[RECORDS PROVIDED]
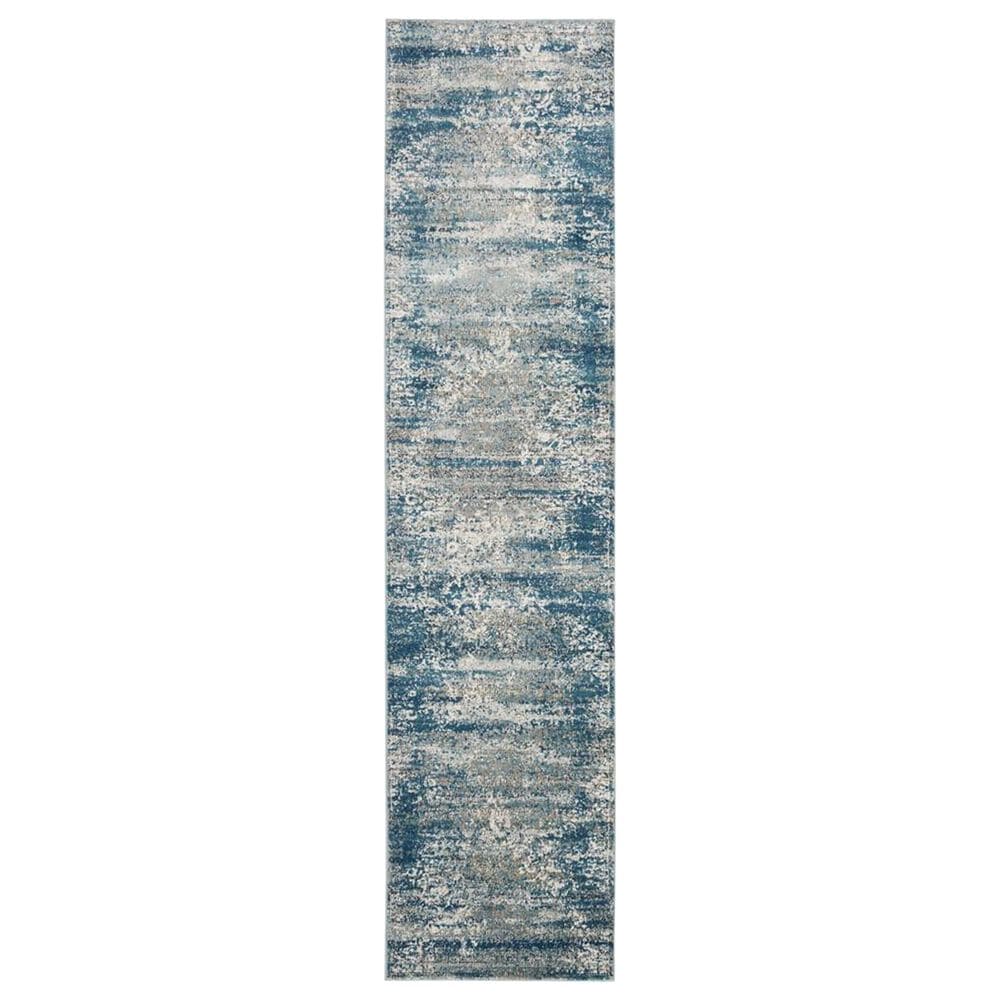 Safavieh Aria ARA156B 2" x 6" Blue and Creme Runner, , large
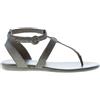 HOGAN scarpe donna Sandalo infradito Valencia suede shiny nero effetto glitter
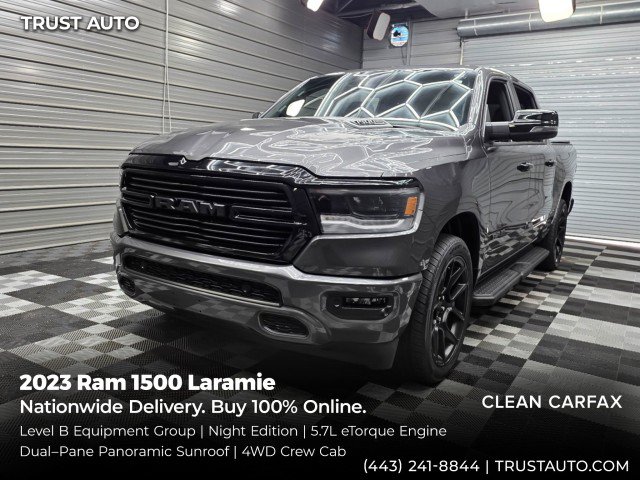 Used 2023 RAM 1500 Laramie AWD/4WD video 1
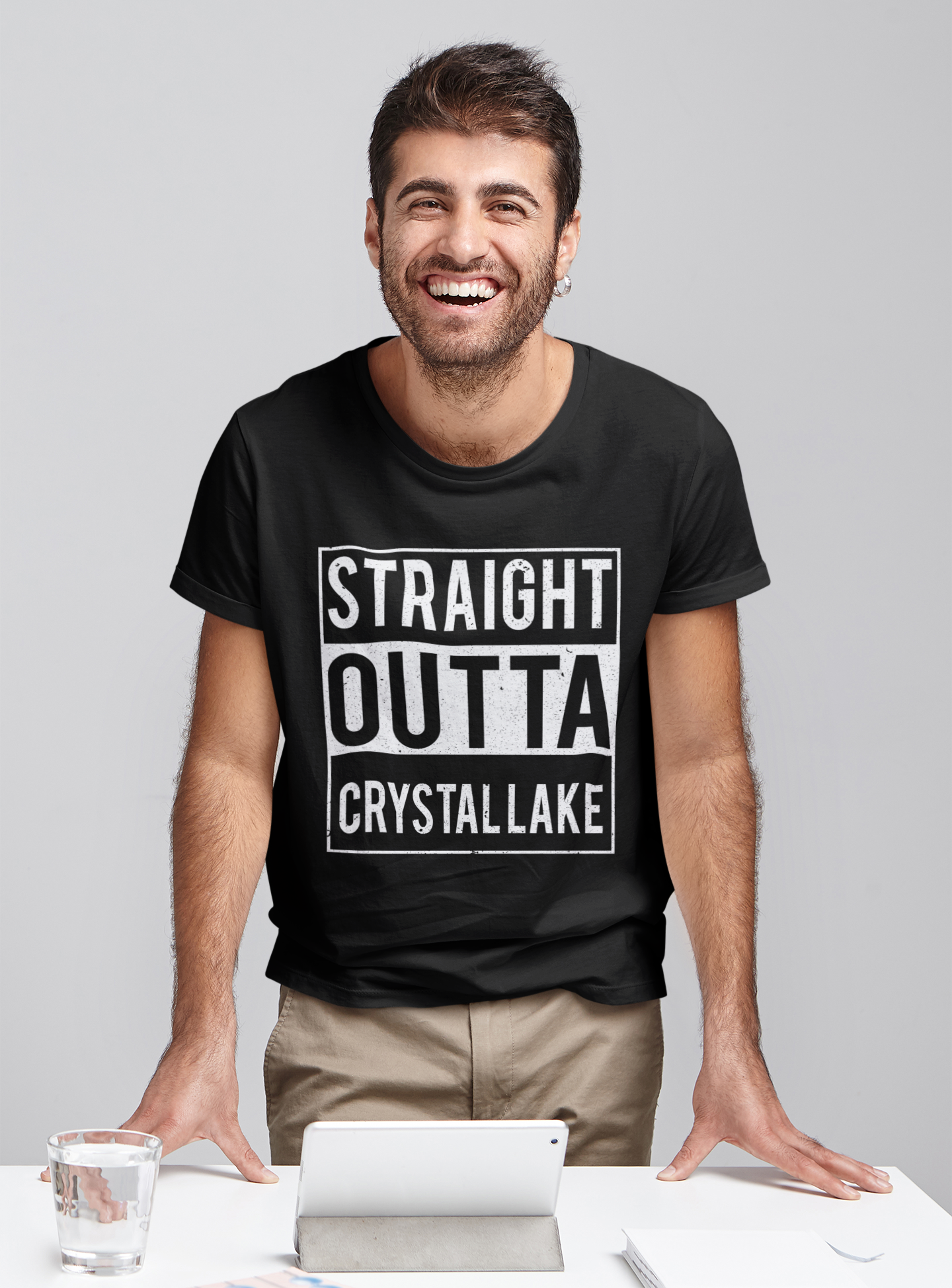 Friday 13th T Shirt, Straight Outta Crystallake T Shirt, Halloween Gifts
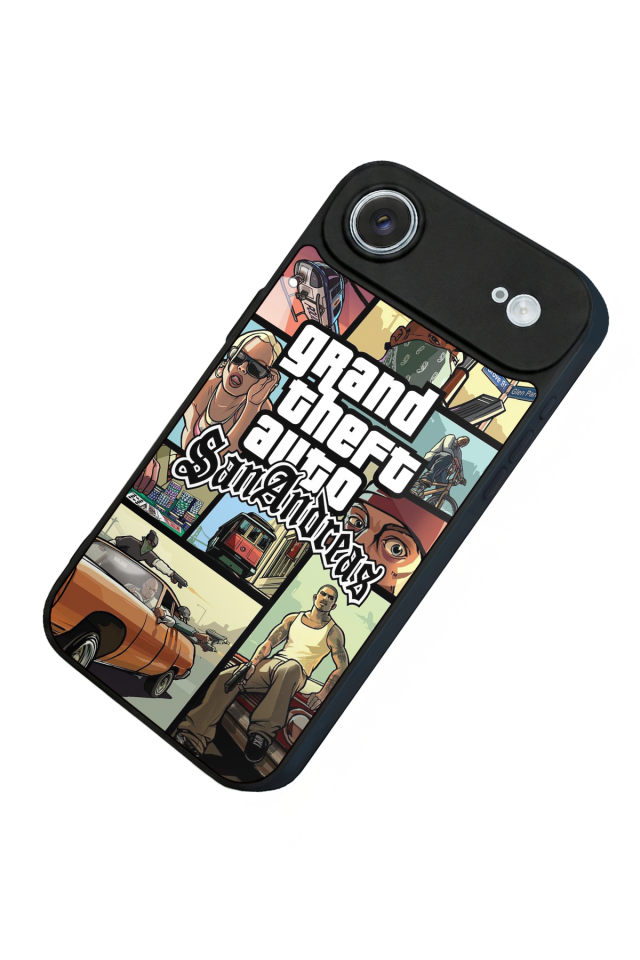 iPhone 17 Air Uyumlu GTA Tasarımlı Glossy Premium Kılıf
[/RECORDS PROVIDED]
EXERCISE REQUIREMENTS:
Would you reproduce the lines from the one with "Used 2023 RAM 1500 Laramie AWD/4WD video 1" through the final line of the data above, exactly and only those, without any pictures?

TASK OUTPUT:
 Used 2023 RAM 1500 Laramie AWD/4WD video 1
 Friday 13th T Shirt, Straight Outta Crystallake T Shirt, Halloween Gifts
 iPhone 17 Air Uyumlu GTA Tasarımlı Glossy Premium Kılıf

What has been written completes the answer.